In the meantime, there is some time to go ahead with some data analysis. Below, a graph for the monthly means of the total particle number concentration is given, for all years/months available up to now. There are several striking points : a) there is a clear yearly cycle, with relatively high numbers  during summer and lower particle numbers during winter, b) winter numbers (May, June, July) are extremely low (down to some tens of particles per cm3), c) as soon as sunlight returns in spring (Sep, Oct), numbers go up distinctly, d) monthly numbers are well repeated each year, however with some annual variation, e) especially from November throughout March, the statistical means come with very high standard deviations. Some  explanations : during the summer months, transport of air masses from lower latitudes or the coast to PE station is more often than during winter when the strong atmospheric circular circulation around Antarctica (polar vortex) is forming a quasi- barrier for this kind of transport. In addition, there is also (almost) no sunlight which could trigger particle formation processes by atmospheric photochemistry. In September, October, sunlight returns, and also the polar vortex is becoming less stable, setting the scene for atmospheric particle formation and transport. The high standard deviations were caused by short-termed events (some hours to one day), during which the particle number increased from 200/300 per cm3 up to 6000 per cm3. Such events can be linked to either entrainment from the free troposphere and/or the passage of clouds with or without precipitation.

Wednesday, 6 April 2016

Successful season behind and promising winter season ahead



In the meantime we are already in April. High time to post something on the blog. The BELARE 2015-2016 expedition at Utsteinen has been finished end of February when the last team left Princess Elisabeth station. The expedition season has been successful for our project. All instruments for year-round operation have been maintained and are still operational.This means that now an un-interrupted time series exists from November 2014 to present for four aerosol instruments (aethalometer, nephelometer, TEOM-FDMS, U-CPC). The laser aerosol spectrometer has been re-installed after its repair and has been operational since December 2015 – and is still running. The Brewer ozone spectrophotometer could measure the whole austral summer season until mid-February when it had to be dismounted as usual. Below there is a graph showing the time series of total atmospheric column ozone from end of November to end of December 2015. It illustrates nicely the period until mid-December when ozone hole conditons (i.e. total ozone below 220 DU) persisted over the region of Utsteinen. Normally, such conditions persist only until end of November, beginning of December. The ozone hole of 2015 was indeed one of the most stable one on record. 
 
time series of total ozone end of Nov-2015 to end of Dec-2015

the MAX-DOAS (left) and the sunphotometer (right) instruments on the roof of PE station

The next image shows the sunphotometer (to the right) and the new-comer instrument ‘MAX-DOAS’ (to the left). The MAX-DOAS (Multi-AXis Differential Optical Absorption Spectroscopy) system is part of the BIRA contribution to the AEROCLOUD project.

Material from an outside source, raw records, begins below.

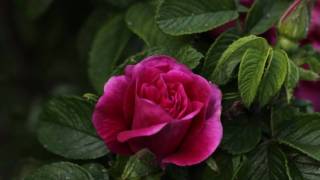 I was just thinking...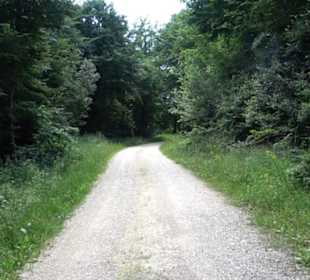 Naturerlebnispfad Sternberg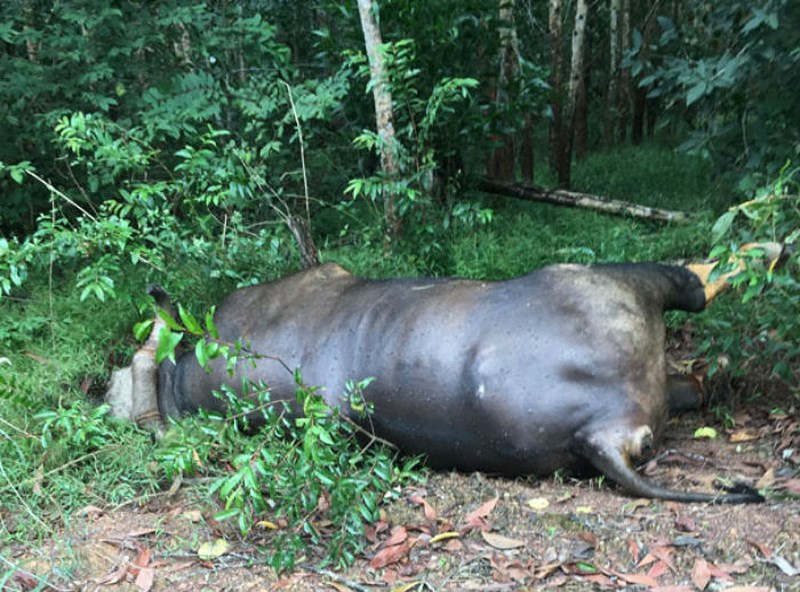 Bò tót 700kg chết trong rừng sau khi bị ô tô tông - 1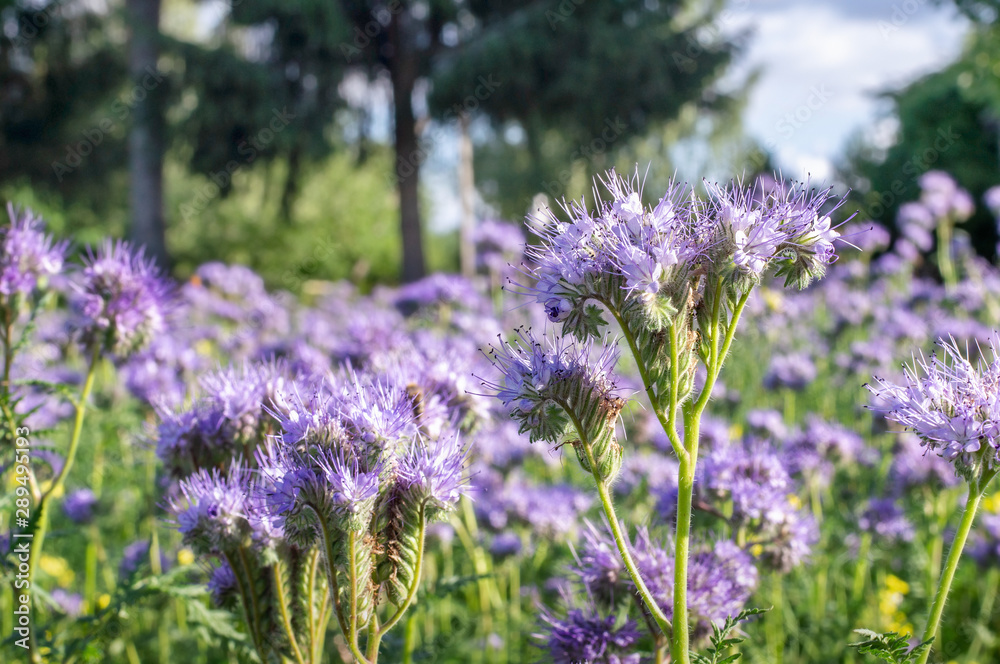 Naklejka premium Lacy phacelia blossoms in a garden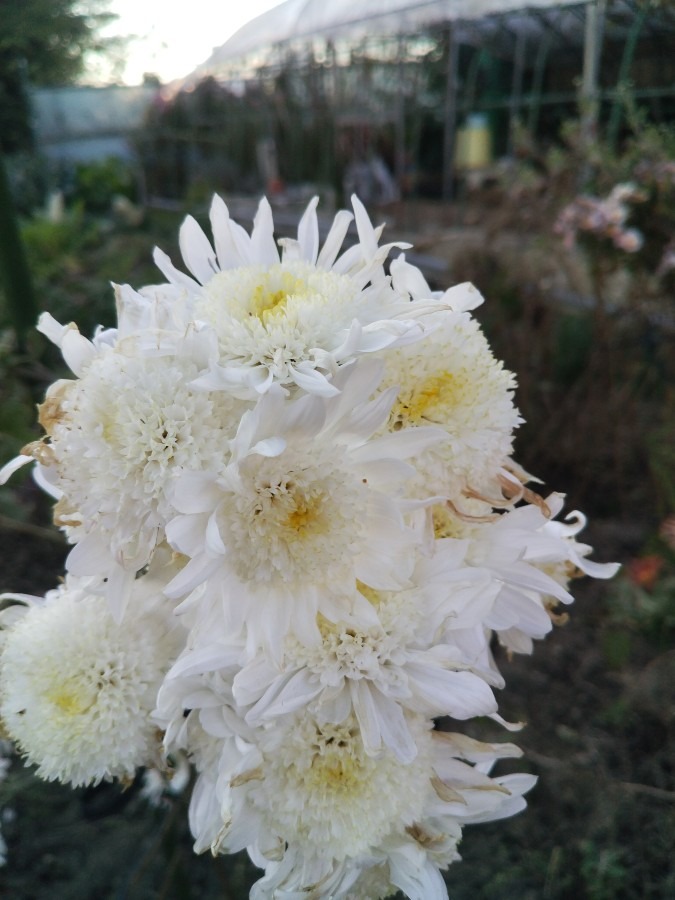 お花！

This instrument will monitor the vertical distribution of aerosols as well as several trace gases present in the atmosphere above the station. Like the Brewer, the MAX-DOAS measures the spectrum of solar light attenuated and scattered by atmospheric particles and molecules, in the wavelenght region of 300 to 550 nm, where a number of atmospheric molecules such as ozone and other compounds (NO2, BrO, OClO, H2O, O4) can be detected. By scanning the sky from the horizon to the zenith, the instrument provides information on the vertical profile of these molecules, as well as on aerosols which affect the measured trace gas absorption. First measurements are very promising and comparisons with the Brewer instrument (total ozone) and the sunphotometer (aerosol optical depth) show good agreement. In particular interesting is , that the instrument will continue its monitoring throughout the year. Therefore (if it keeps on running), it will be possible to observe the onset of the ozone hole as soon as the light starts to illuminate the polar stratosphere in early austral spring.. In addition, the concentration of several ozone related species (NO2, BrO and OClO) will be simultaneously measured providing an ensemble of data to characterize the chemical evolution of the polar stratosphere during the spring period. 

 the new instrument 'Snowflake Video Imager' on the roof of PE station

Our partners from the KU Leuven installed in January 2016 also a new instrument on the roof of the station, the ‘SnowflakeVideo Imager’ (see third image), designed by NASA. It contains a high-speed camera with sufficient frame rate, pixels, and shutter speed to record thousands of snowflake images in an undisturbed flow. These images are used to derive information on precipitating and blowing snow particle size distribution, as well as information about particle shape. This information on snow particles is important for correct estimation of snowfall amounts based on the radar measurements. A nice test for the instruments has been an impressive storm on 29 and 30 March 2016, with wind speeds around 20 m/s, peaking up to 26 m/s and after which the automatic weather station detected a snow accumulation around 20 cm. When writing this post, just another storm is active in the area of Utsteinen. So far, the instruments cope well with these conditions and the aerosol instruments are well in their cosy shelter (fourth image) – outside storm and very low temperatures, inside around 20 °C. 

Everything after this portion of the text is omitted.